考え事をしていたら、エリベルは二個目の魔石の調整にかかっていた。
「後は、私の考えたトラップもこいつらに作らせましょうかね……」
『お前の考えたヤツって言うとアレか?』
「そうそう、アレ」
男女の冒険者が一定距離にいた場合にのみ、爆発するっていうヤツ。
俺は個人的にこのトラップを『リア充殺し』と呼んでいる。
この他にも、エリベルの考えたトラップは、特定条件下で発動するタイプの奴が多い。
ただ、その条件が“男女”というのが非常に多い。
何コイツ、生前カップルに恨みでもあったのか?
「ふふふ、苦痛に悶えるバカ共の顔が目に浮かぶわぁ……」
うわぁ……。
すっげぇ楽しそう。
めっちゃ私怨入ってるなこれ……。
若干俺が引いていると、がちゃがちゃと音がした。
何かと思って見て見れば、奥から何やらスケルトンの集団がやってきた。
多いな。三十体くらいか?
『エリベル、アレは?』
「ああ、もう来たのね。丁度よかったわ」
スケルトン達は俺達の前に来ると一糸乱れぬ動きで立ち止まった。
その姿はまるで軍隊だ。
何体かは背負子を背負ってる。
アンの子蟻達並みに統率されているな。
「………戻ってきたのは、百体中三十二体か。まずまずの成果ね」
エリベルはそのスケルトンたちを満足そうに眺める。
あれ、このスケルトン達……?
俺は魔力感知を発動させる。
やっぱりそうだ。
こいつ等、普通のスケルトンじゃない。
けっこう魔力が強い。
これって……?
「ソルジャー・スケルトン。中級の魔物ね。転移門使って、私のダンジョンに修行に行かせてたのよ」
『修行……?』
「そう。私のダンジョンには、アンデッドが中心の階層もあるからね。

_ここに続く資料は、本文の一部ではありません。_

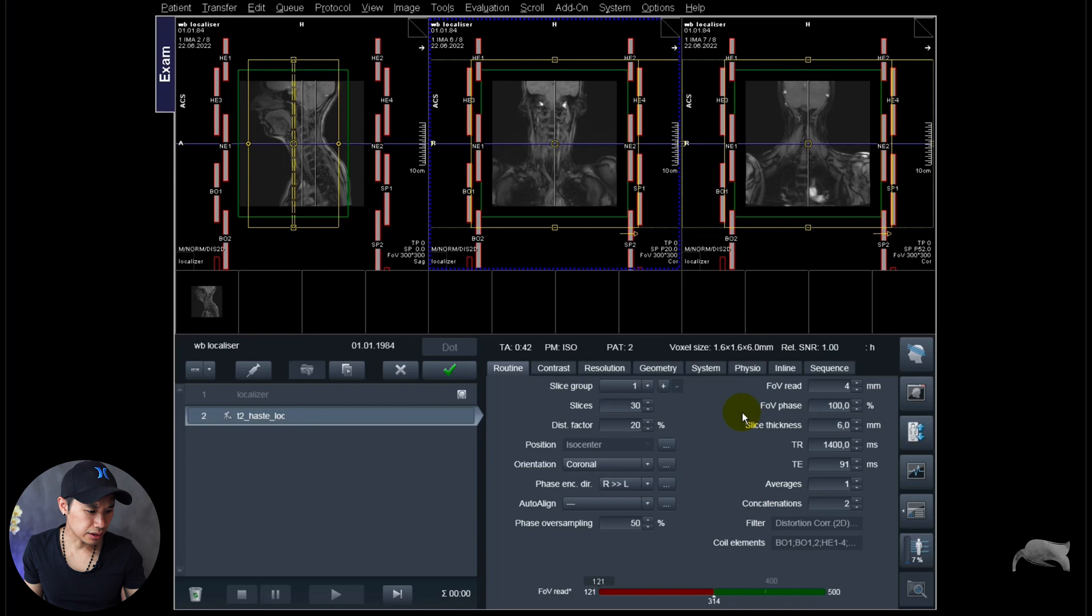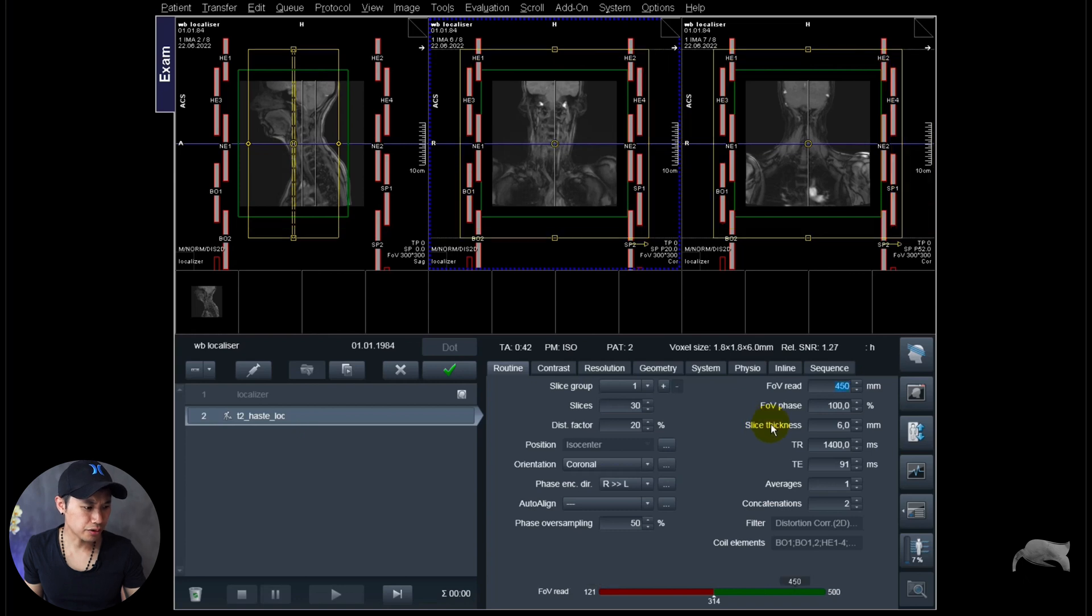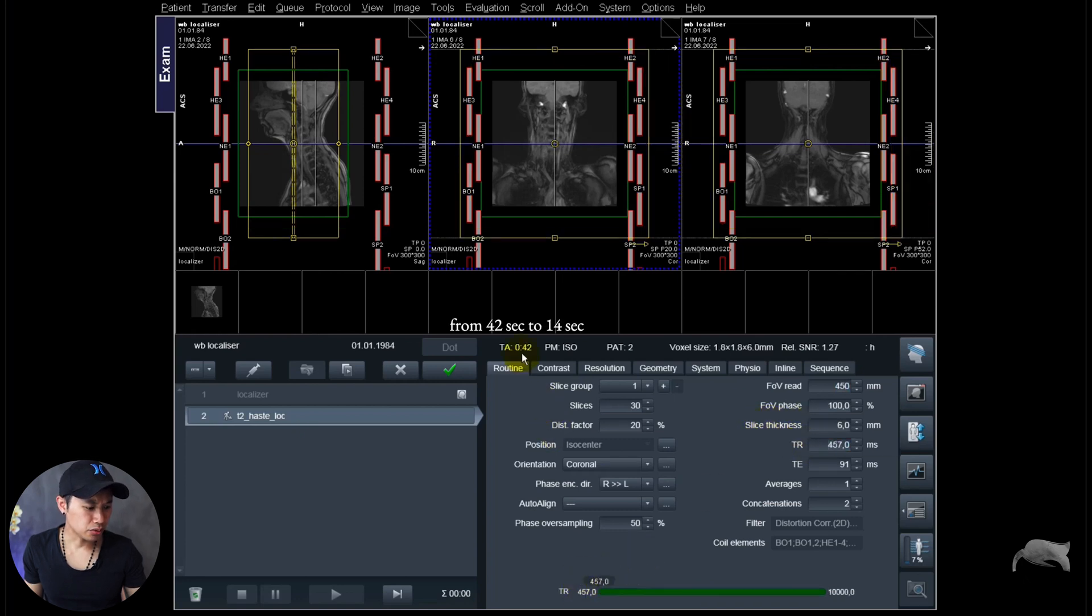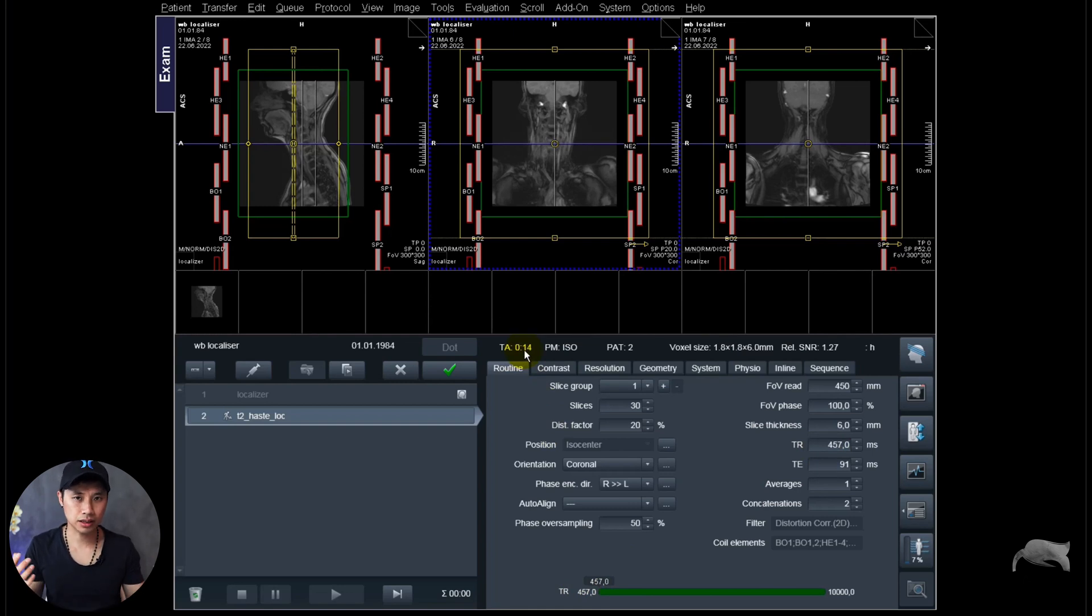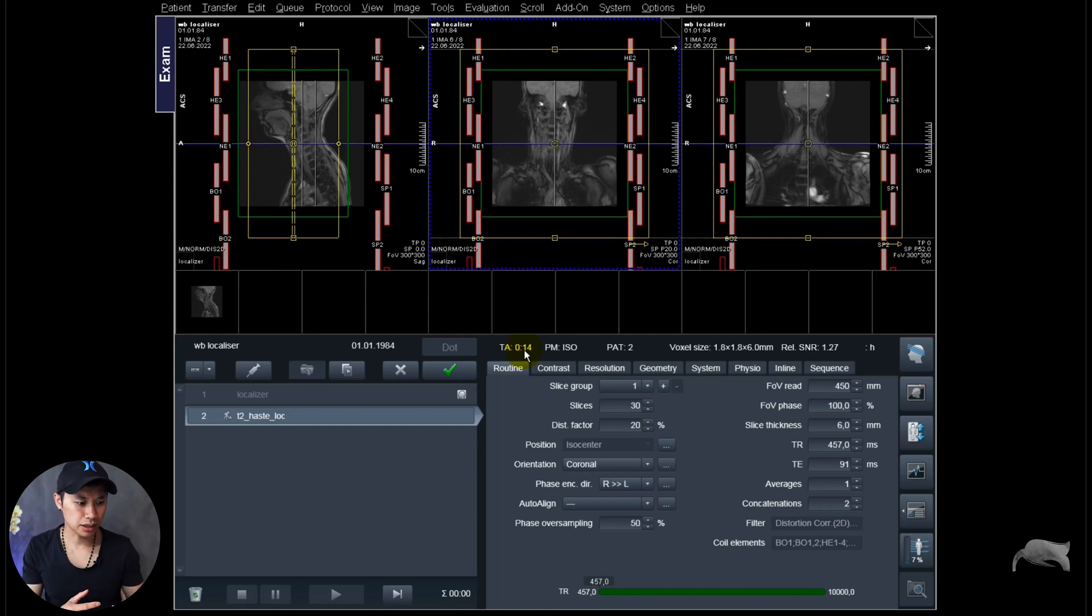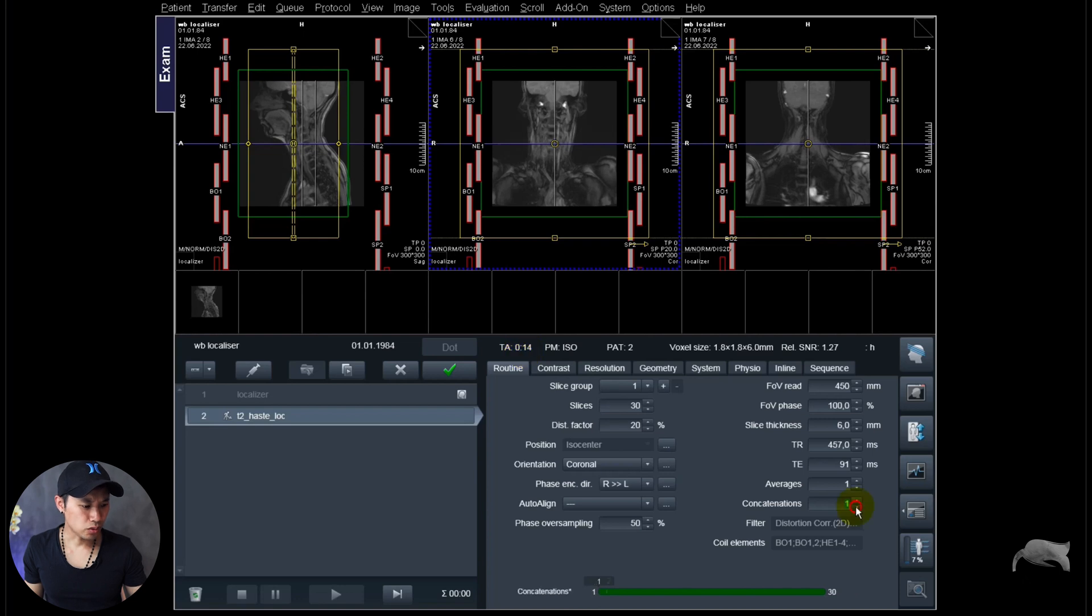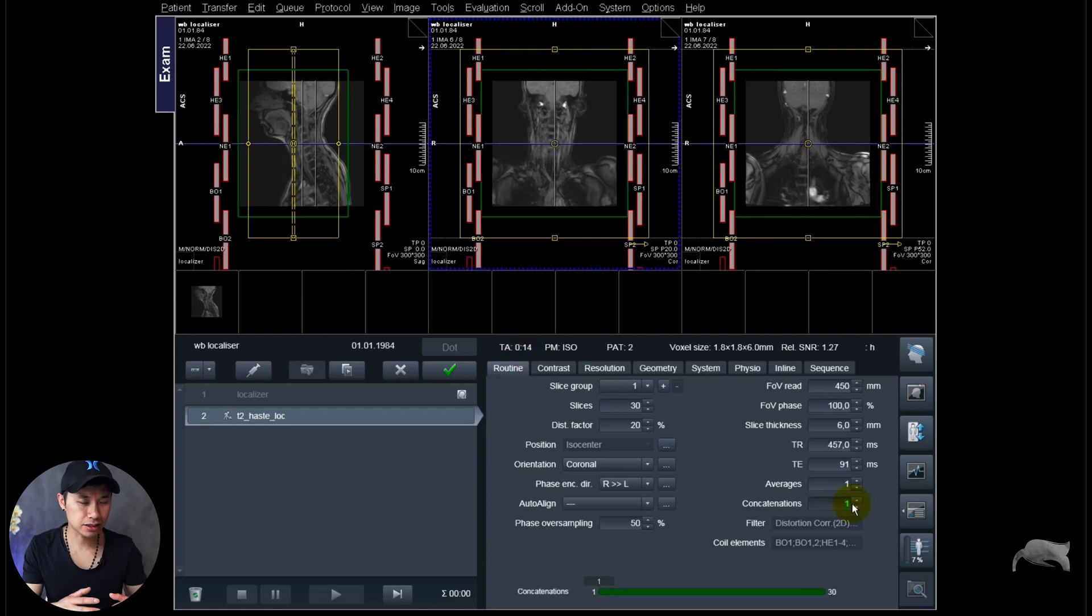Let's check, we're going to have a little bit bigger field of view, 450 millimeter, and I will put the TR to as low as possible. I still will have a good T2 contrast because it's a HASTE. So it's not every other sequence, so it's a HASTE, so you can have a low TR so I will save time already there.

そこで、瘴気や魂をたっぷり吸収してきてもらったわけ。半分以上はやられちゃったけど。まあ後で“作り直せば”いいしね。あ、それとコイツも紹介しておくわ」
そう言ってエリベルが指を鳴らすと、魔法陣が出現する。
そこから、三メートル近くある巨大な青い火の玉が現れた。
うひゃぁ!デカいお化け!怖っ!
俺は一気に後ずさる。
「だから、なんで地龍がアンデッドにビビるのよ………」
若干呆れ顔のエリベル。
いや、だって怖いものは怖いんですよ。
「ナイトメア・ミスト。階級は上級。こないだのレイス達の強化版ってところね」
『強化版?でも、進化の魔石はもうないだろ?もしかして、また作ったのか?』
「いいえ。レイスには他の魔物と違って、てっとり早い強化方法ってのがあるのよ。魔石は、ダンジョンに使う分や、ユグル大森林の奴らに食わせる分で余裕が無いしね。だから、独自の強化方法をとったわ」
『どんな?』
「“共食い”よ。あのままじゃ、役に立ちそうになかったからね。百体くらいずつ共食いさせて、コイツに強制進化させたわけ。全部で六十体位はいるわ。数の上では減ったけど、戦力としてはむしろこっちの方が上。残りの個体は、外に他のレイス達を喰いに行ってるわ。あと死体の収集も頼んでるし」
うおぉう……。
なんか、凄いなアンデッド系の魔物って。
凄い殺伐としてる。
よく見れば奥の方に、腐りかけの死体とかが転がってる。
あれが新しいスケルトンとレイスになるのか………。
『………さっき言ってた、もう一回作るっていうのはあの死体の事か?』
「ああ、その事?違うわよ。アレは新規参入用。作り直すってのはコッチ。見てなさいな」
エリベルはスケルトン達に指示を出す。
すると背負子を持ったスケルトン達が、その中身を出した。
それは骨だった。
あっという間に骨の山が出来る。
そして、エリベルはその骨の山に何やら呟きながら魔力を流し込んだ。
すると、その骨の山は少しずつ、形を成し、五十体近いスケルトン達が出来上がる。
成程、骨さえあればもう一回スケルトンを作る事が出来るのか。
「私はアーク・スケルトンだからね。こういった、死霊系統の魔術は得意中の得意なのよ」
進化したソルジャー・スケルトン三十二体と、復活したスケルトン達は再び踵を返し、ダンジョンの奥へと消えて行った。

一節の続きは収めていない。